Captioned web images
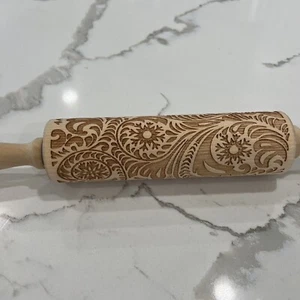 NEW Rolling Pin Embossed with FOLK FLORAL Pattern for Baking Engraved Cookies - Picture 1 of 2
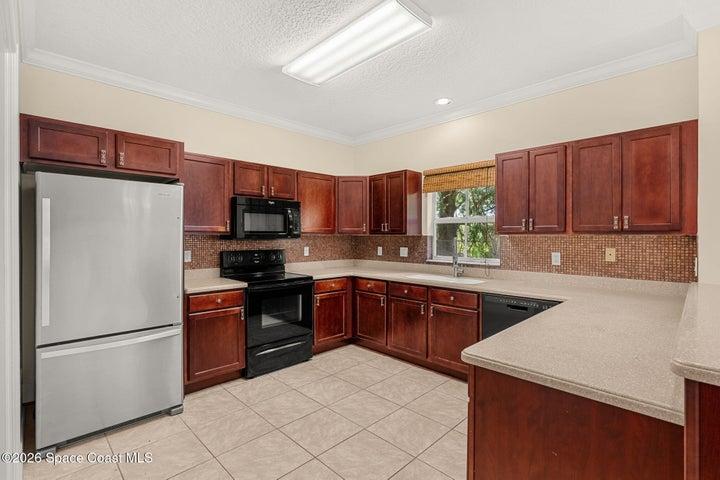 Room for all the chefs in the household.
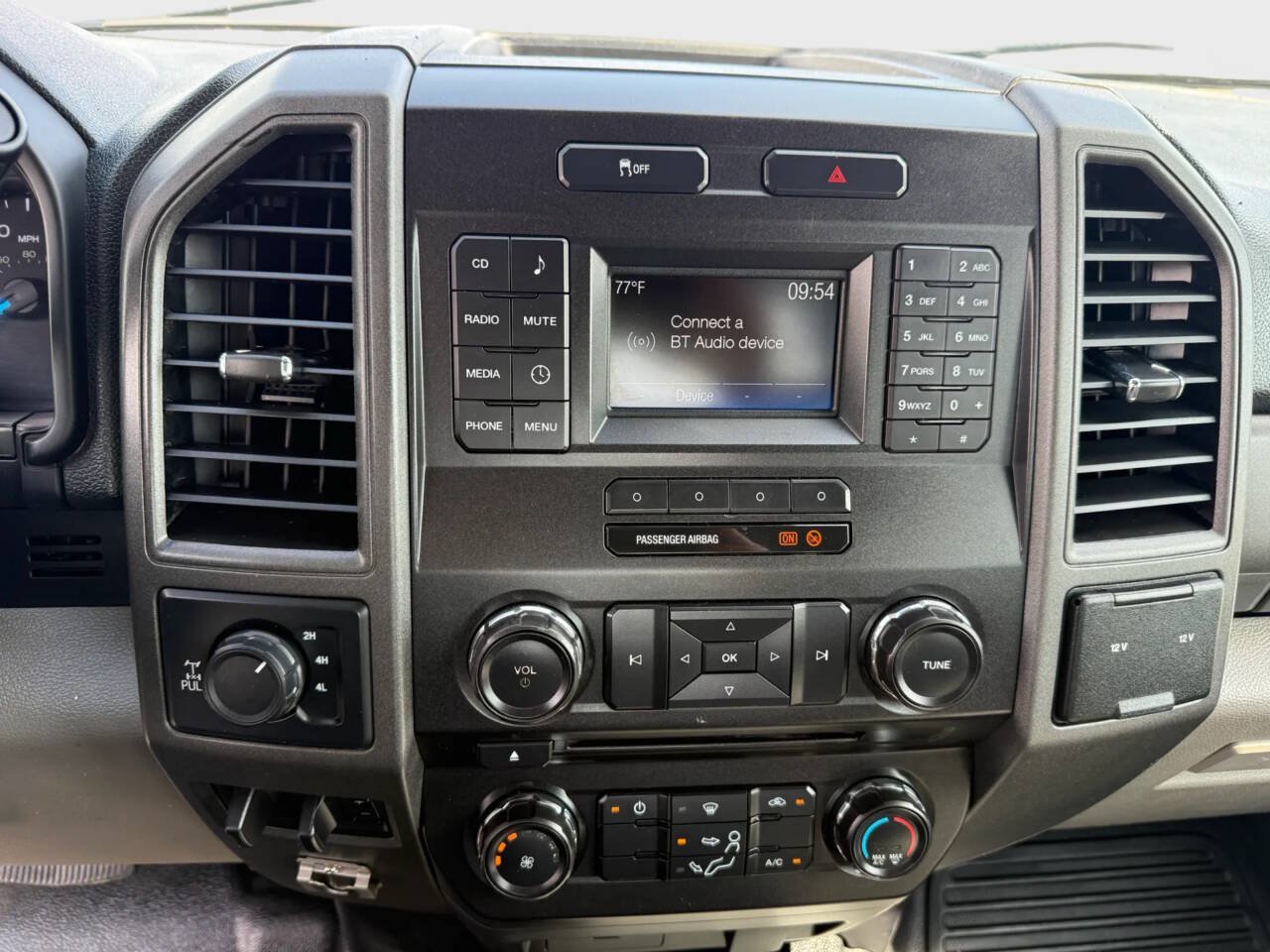Used 2017 Ford F250 XL AWD/4WD image 13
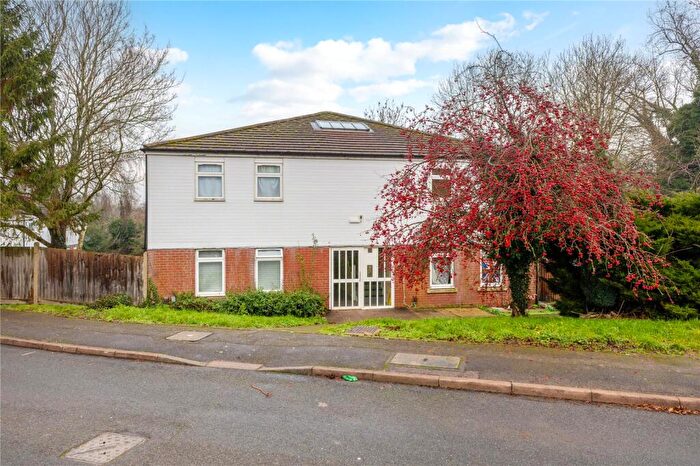 2 Bedroom Apartment To Rent In Waldegrave Park, Harpenden, Hertfordshire, AL5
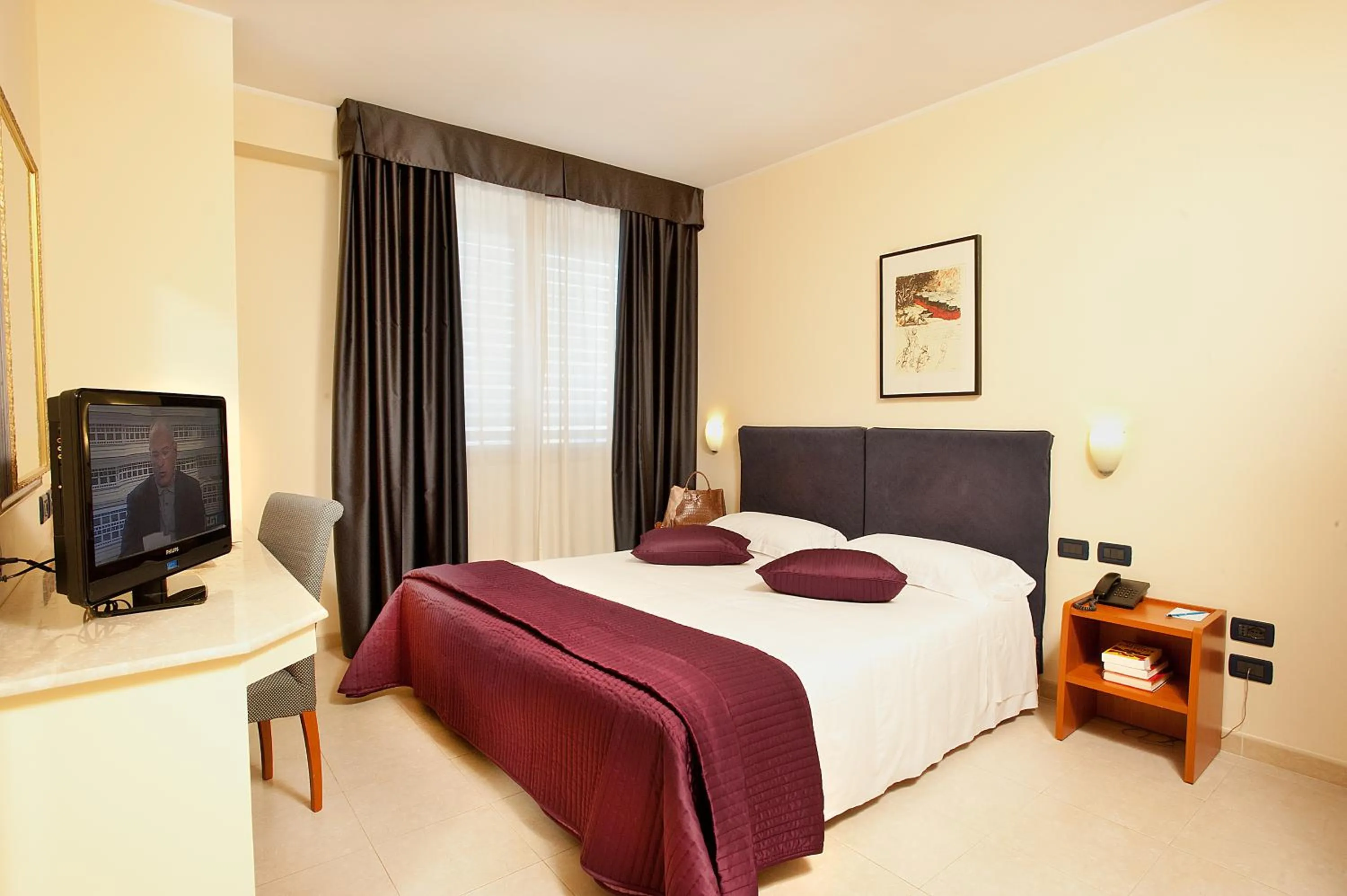 Bedroom, Bed in Best Western Blu Hotel Roma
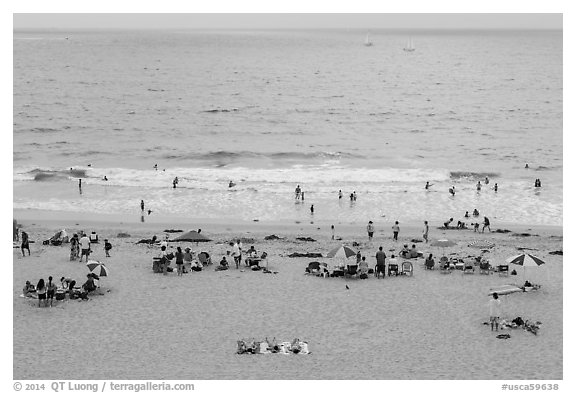 Beachgoers from above, Redondo Beach. Los Angeles, California, USA (black and white)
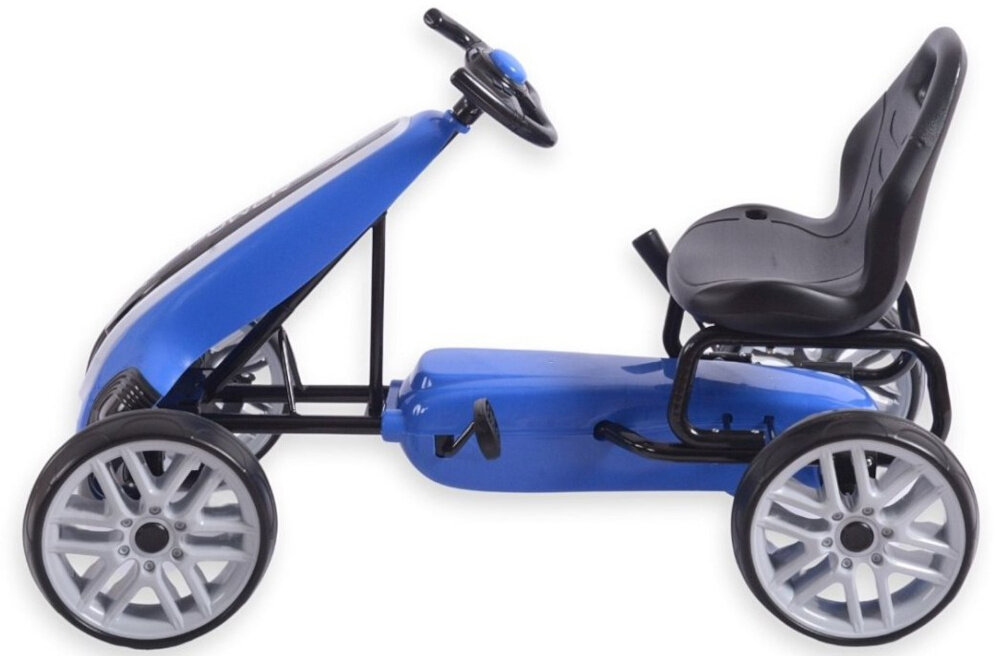 Gokart na pedały MILLY MALLY Power Niebieski gokart na białym tle widoczny z boku ruch zabawa na świeżym powietrzu napęd na pedały rozwija siłę nóg koordynacja ruchowa aktywność fizyczna nauka poprzez zabawę dla dziecka w wieku od 3 do 5 lat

▶ _Goal of the exercise_: From the opening line of the entries above to the line containing "Beachgoers from above, Redondo", please transcribe each line exactly, skipping every picture.

▶ _Task response_:
 NEW Rolling Pin Embossed with FOLK FLORAL Pattern for Baking Engraved Cookies - Picture 1 of 2
 Room for all the chefs in the household.
Used 2017 Ford F250 XL AWD/4WD image 13
 2 Bedroom Apartment To Rent In Waldegrave Park, Harpenden, Hertfordshire, AL5
 Bedroom, Bed in Best Western Blu Hotel Roma
 Beachgoers from above, Redondo Beach. Los Angeles, California, USA (black and white)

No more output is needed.